AI introduces the ability to extract that intent. It can recognize which dimensions drive function, which features are sensitive, and which constraints exist to protect downstream behavior. Over time, this intent becomes part of the product structure—alongside components, materials, and operations.
This changes how teams evolve products. Instead of rediscovering intent, they inherit it.
Zixel Insight
At Zixel, we believe the future of product structures lies in merging physical hierarchy with behavioral intelligence. The BOM will continue to matter—it is still the backbone of production—but it will no longer be enough on its own. Products need representation that understands variation, intent, assembly logic, and real-world performance.
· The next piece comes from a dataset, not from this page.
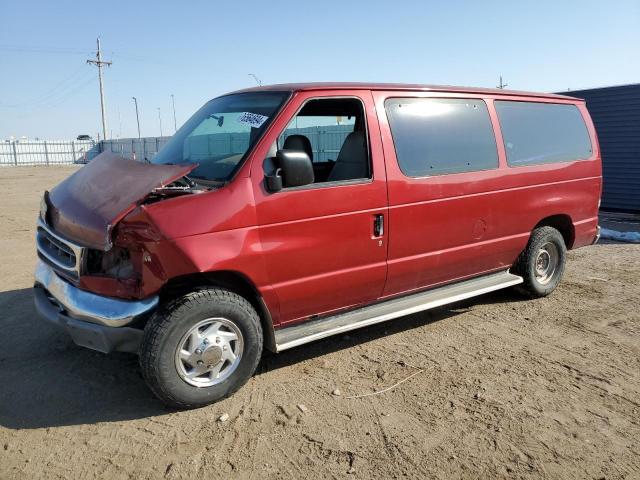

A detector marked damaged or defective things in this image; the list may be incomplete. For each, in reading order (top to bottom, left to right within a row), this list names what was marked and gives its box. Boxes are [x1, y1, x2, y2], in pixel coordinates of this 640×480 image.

crumpled hood [46, 153, 195, 251]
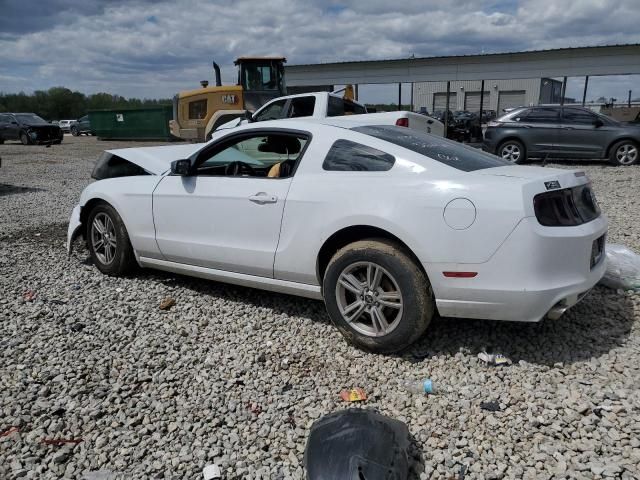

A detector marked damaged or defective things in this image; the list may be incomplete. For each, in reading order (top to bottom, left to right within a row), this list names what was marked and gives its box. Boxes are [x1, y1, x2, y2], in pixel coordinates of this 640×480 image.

crumpled hood [104, 143, 206, 175]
Our goal is to build CAD environments where these behaviors are not afterthoughts. We want product structures that teach teams how their designs function under uncertainty. Systems that adapt based on feedback. Models that carry memory across generations. When behavior becomes part of the product’s definition, teams design with more foresight, fewer surprises, and far more alignment.
Why This Evolution Matters for the Next Generation of Products
As AI becomes entrenched in engineering workflows, products will no longer be defined solely by their components. They will be defined by how they act, how they adapt, and how they improve through data. Teams that design with behavioral understanding will build more resilient mechanisms, more manufacturable assemblies, and more predictable production pipelines.
This shift isn’t just about smarter software—it’s about a deeper understanding of what a product truly is.